Task objective ->
The data below should be restated word for word, pictures omitted.

Information shown: Begin

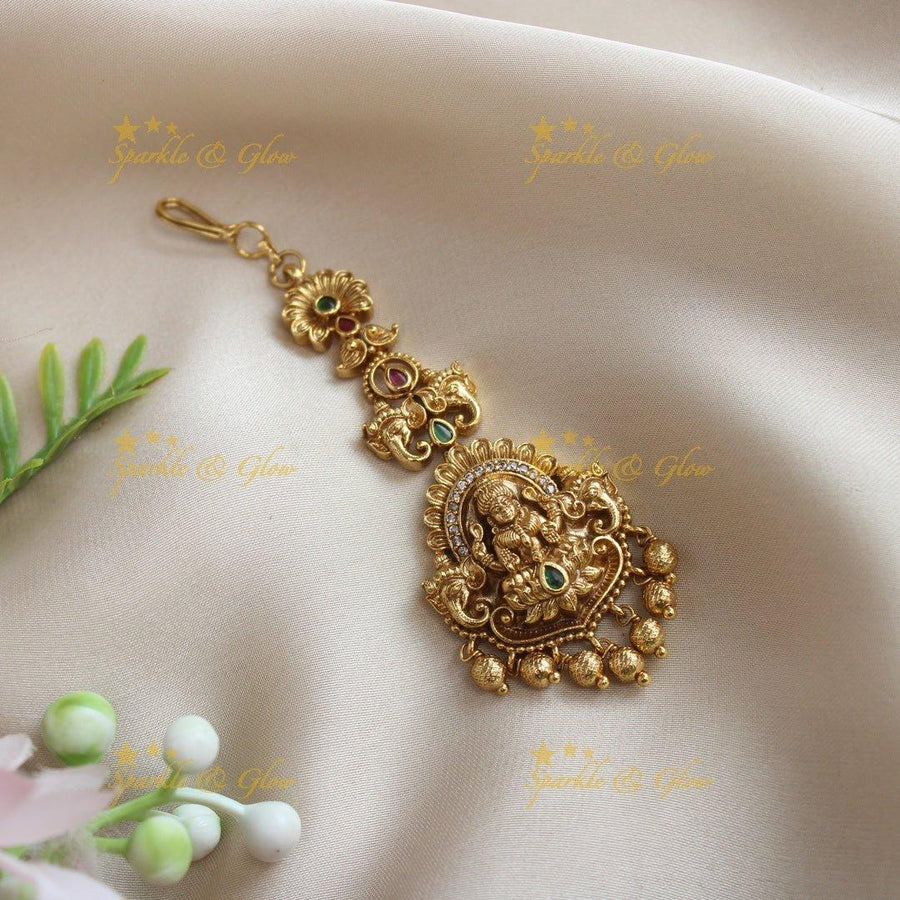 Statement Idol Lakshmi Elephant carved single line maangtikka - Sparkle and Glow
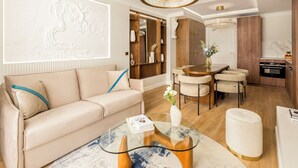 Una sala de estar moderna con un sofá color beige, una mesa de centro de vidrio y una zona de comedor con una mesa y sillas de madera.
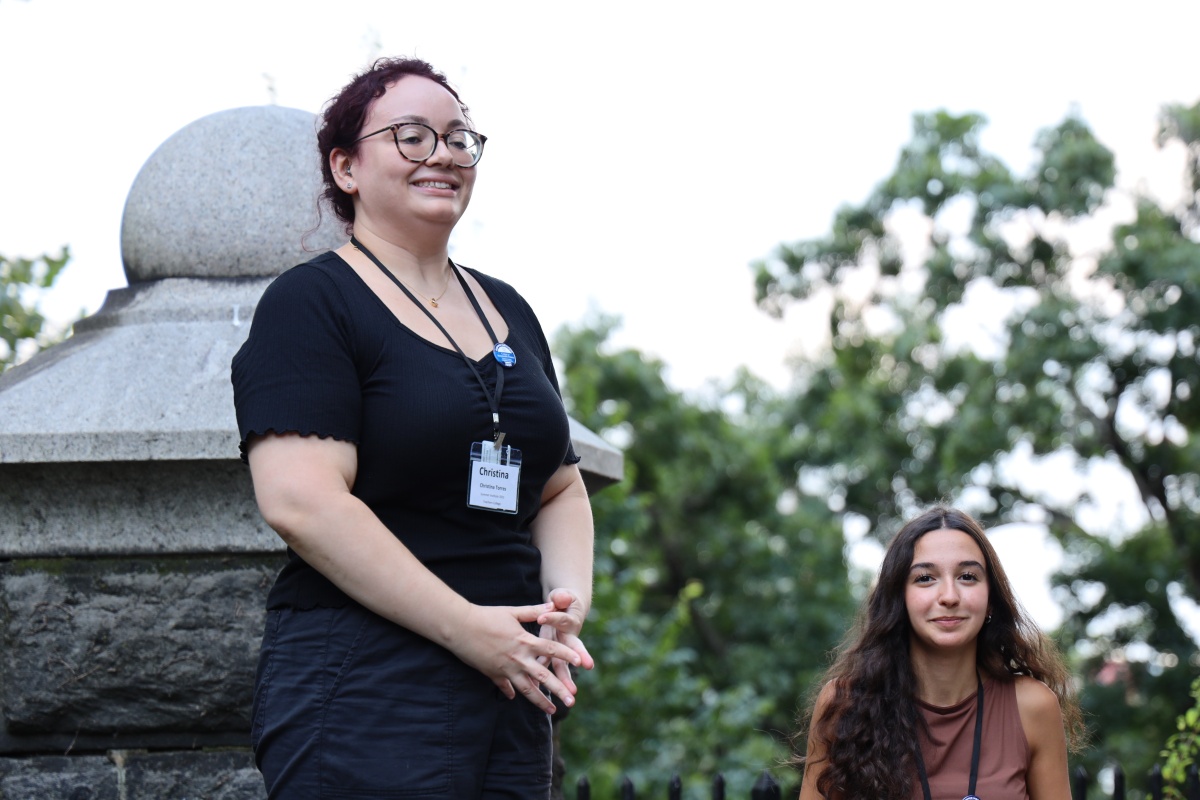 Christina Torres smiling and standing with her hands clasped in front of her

Information shown: End

Solution for this task ->
 Statement Idol Lakshmi Elephant carved single line maangtikka - Sparkle and Glow
 Una sala de estar moderna con un sofá color beige, una mesa de centro de vidrio y una zona de comedor con una mesa y sillas de madera.
 Christina Torres smiling and standing with her hands clasped in front of her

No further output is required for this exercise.